I called it the “stock I loved to hate” for two reasons: 1. although paying around 5%, it never raised it’s dividend, and 2. it was perpetually stuck in a $28 – $30 trading range, hence the perpetual 5% dividend.
Once having made the decision to purchase, I was loathe to sell without good reason, that going against the rules (sort of), so you can imagine my glee when, in 2007, the Ontario Teachers Pension Plan decided to buy BCE for $42.75 in cash! And here Stupid met Greed; Stupid Greed even. You see, by following my rules and the schedule, BCE should have been sold that May for a tidy profit, but instead, because it was a cash deal, with no brokerage fees incurred I chose to save the 2.5% commission and hold out for cash. And then the ABCP crisis – the pre-cursor to the current financial crisis – hit, and credit dried up, and investors got cold feet, and $52B deals like the BCE purchase slid to the back-burner.
And once again, BCE became the “stock I loved to hate”. For 18 months I followed the story as the Teachers tried to make this work; some days the news was good and the stock came closer to it’s $42.75 potential, other days the news was more realistic. Drop-dead dates came and went. Finally, late November 2008 saw the news that the deal was dead. BCE dropped 35% that day. Any gains from the previous 5 years evaporated.

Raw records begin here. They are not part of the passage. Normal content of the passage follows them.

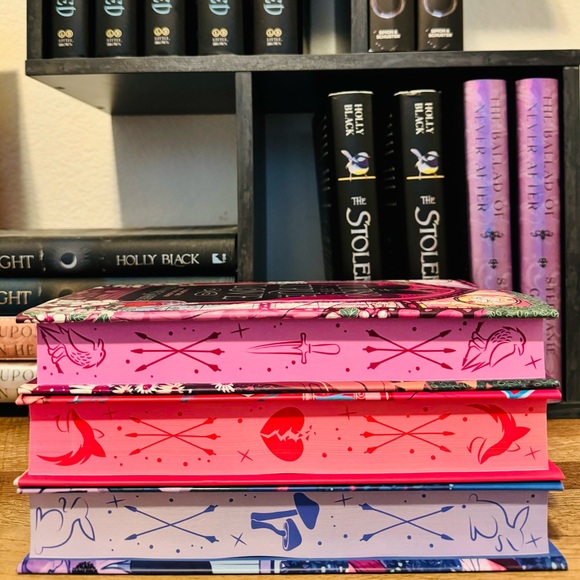 Fairyloot Exclusive Signed TBONA + OUABH + ACFTL by Stephanie Garber - Picture 13 of 15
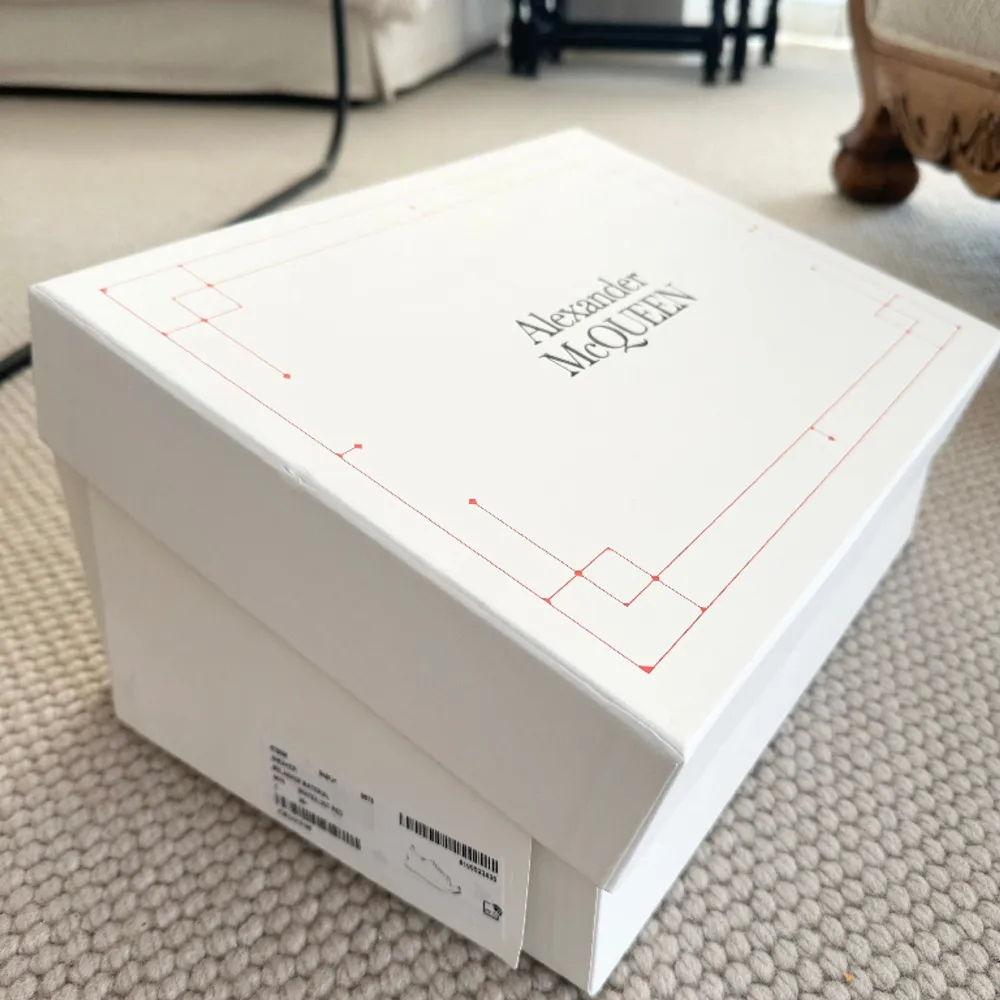 Unika o coola sneackers från Alexander McQueen. Har vissa defekter men en del går nog att tvätta bort. Tillkommer även vita skosnören. Köptes på NK. Nypris ca 5000 kr. 😍😍😍. Kengät.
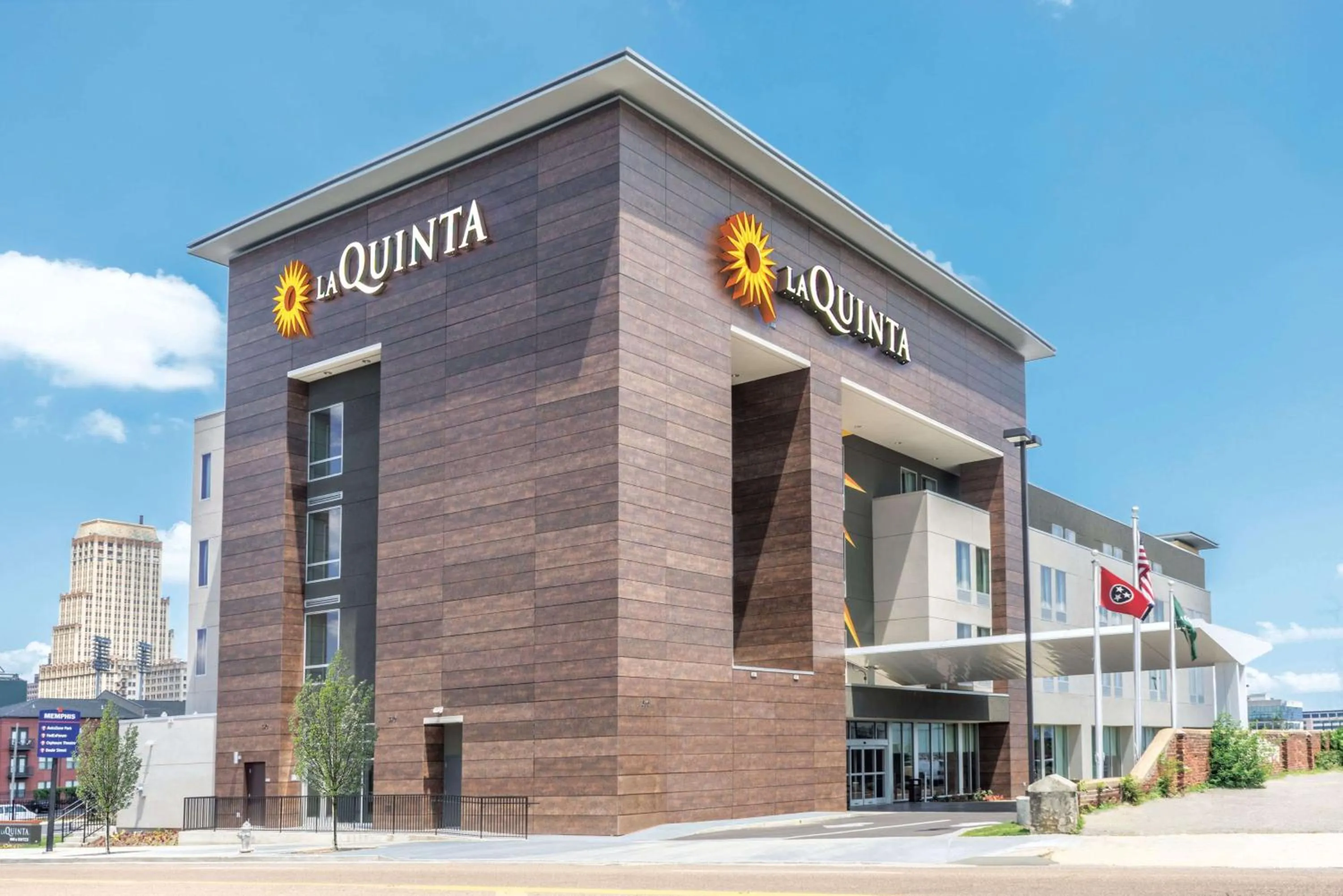 Property building in La Quinta by Wyndham Memphis Downtown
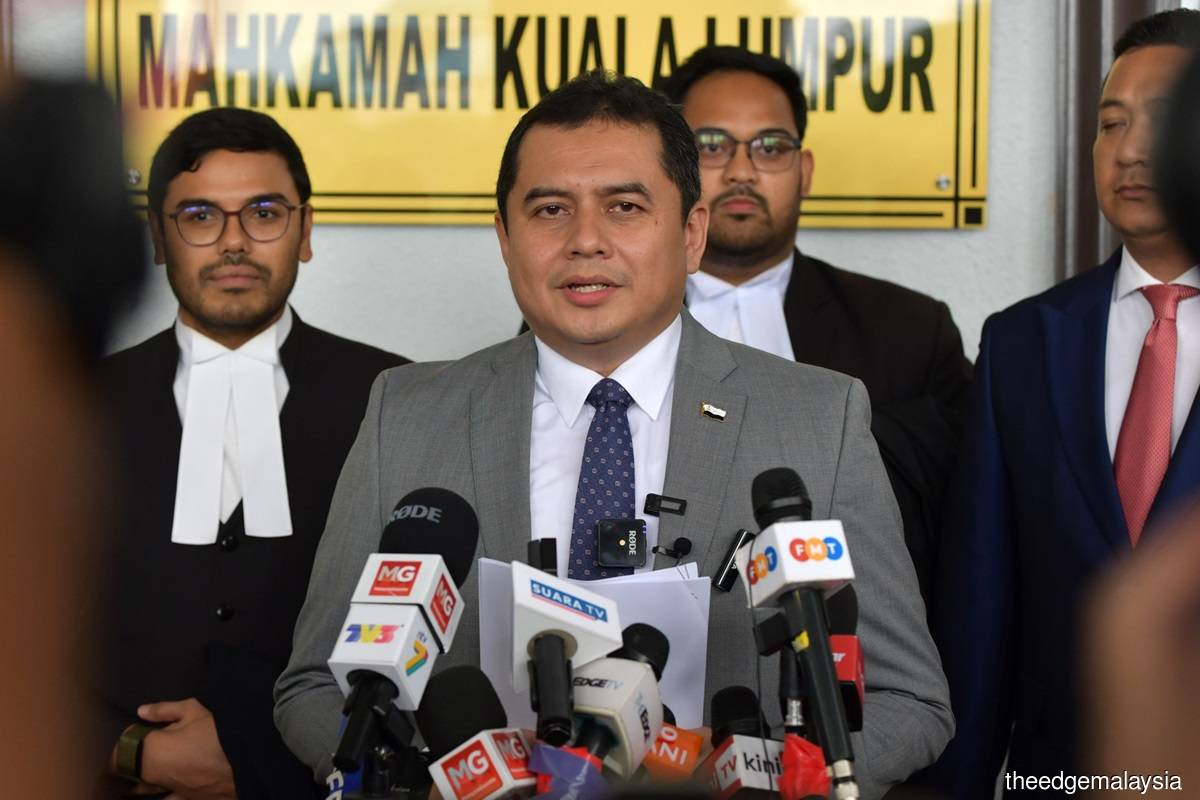 Najib Offers Unreserved Apology Regrets That 1MDB Scandal Happened 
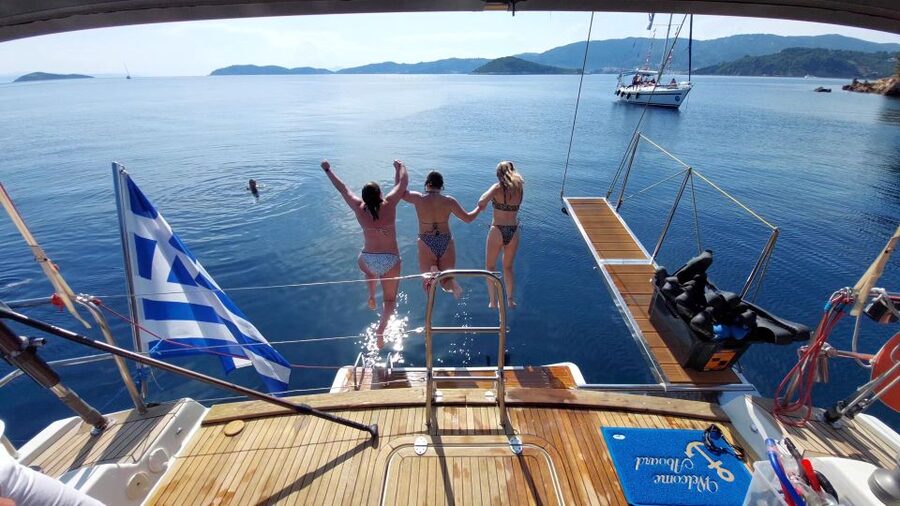 Skiathos: Full-Day Sailing Cruise with Lunch - The family crew and the feel on board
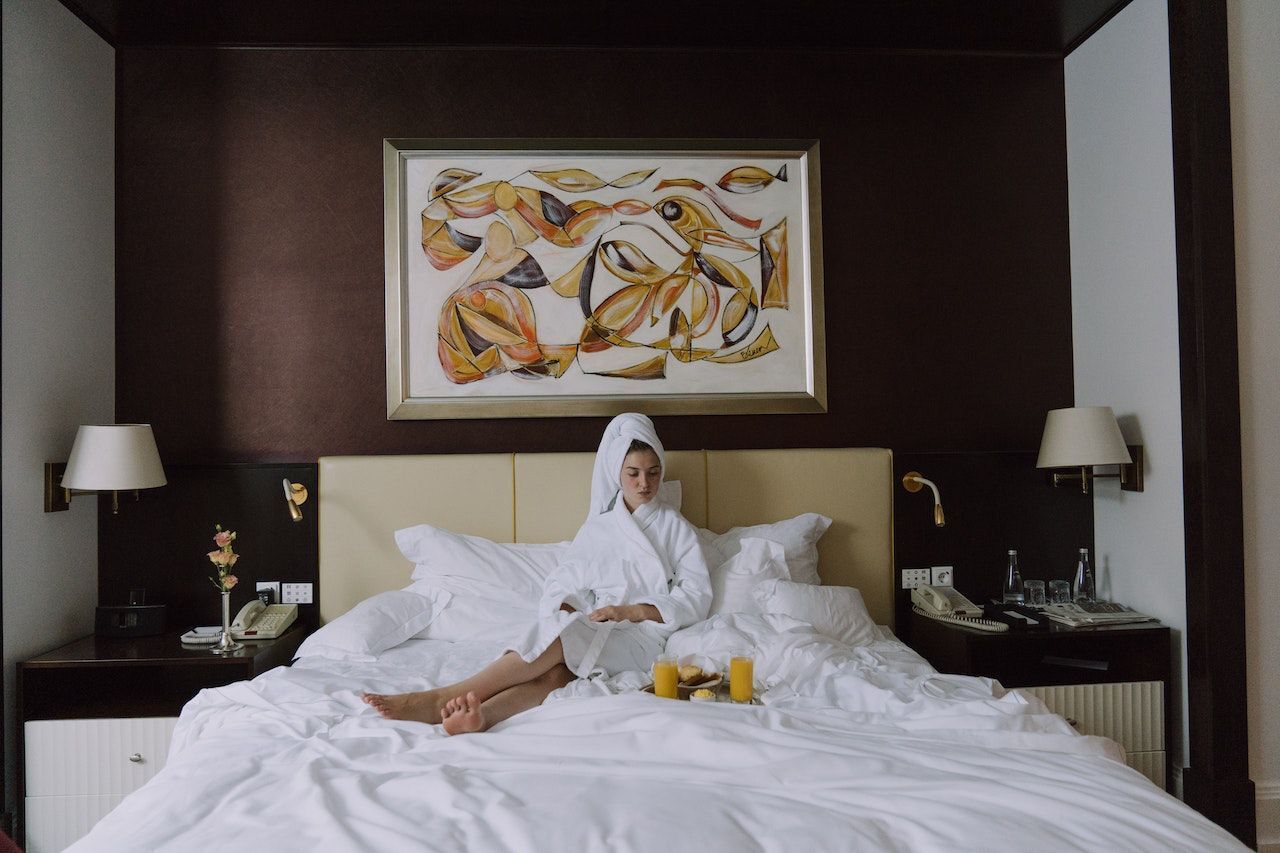 hotel room woman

Ironic of course that I sold BCE in a fit of pique shortly thereafter, paying the commission that I had been trying to avoid. More ironic still that after I recovered from my pique I purchased BCE at about the same price, and of course, paying the commission yet again.
BCE still pays around 5%, but this time on price appreciation and decent dividend growth.
The moral, because there better be one if you’ve dedicated this much time to this post: if you go to all the trouble of building a method and scribing rules, Follow Them!